Material shown:
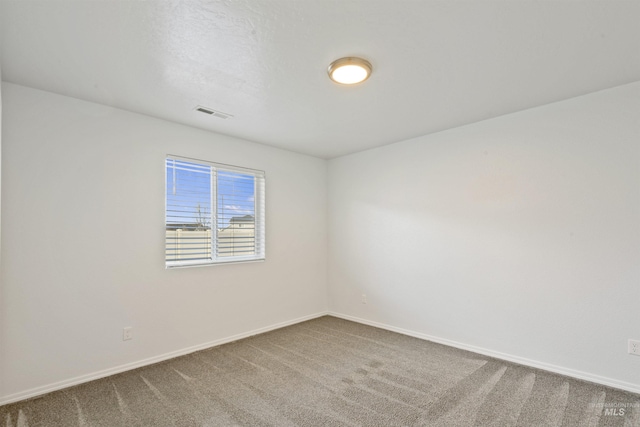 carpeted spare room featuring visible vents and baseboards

==

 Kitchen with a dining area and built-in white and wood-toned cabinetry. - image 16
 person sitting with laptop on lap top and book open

Task prompt: State how many lines of the listing above include the word "with". Give nothing but the number.

Response: 2